* **COLLECTED MATERIAL**:
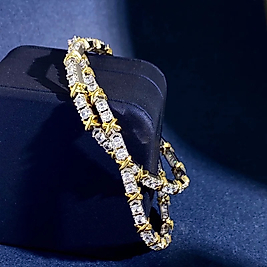 Özel Seri Rodyumlu Gümüş Üzeri Gold Detay Zirkon Taş Sıralı Xoxo Bileklik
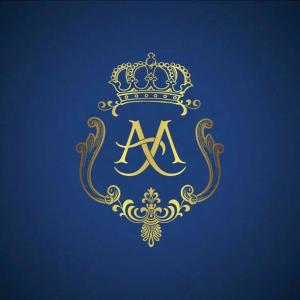 logo korony z literą a na niebieskim tle w obiekcie Armonia Corfu Luxury Apartment w Korfu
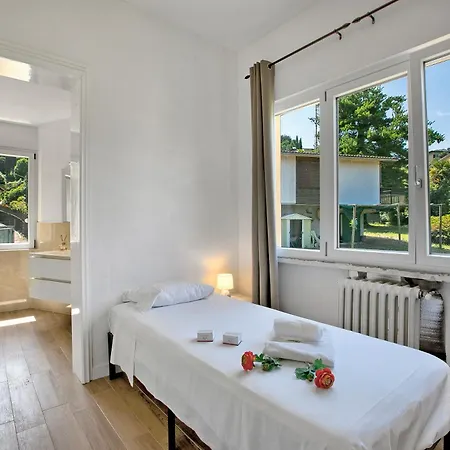 Apartment Giulia Porto Valtravaglia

* **WHAT NEEDS TO BE DONE**: The answer must be the exact lines from the line with "logo korony z" to the final line of the data, both ends included, with no pictures.

* **PROBLEM SOLUTION**:
 logo korony z literą a na niebieskim tle w obiekcie Armonia Corfu Luxury Apartment w Korfu
 Apartment Giulia Porto Valtravaglia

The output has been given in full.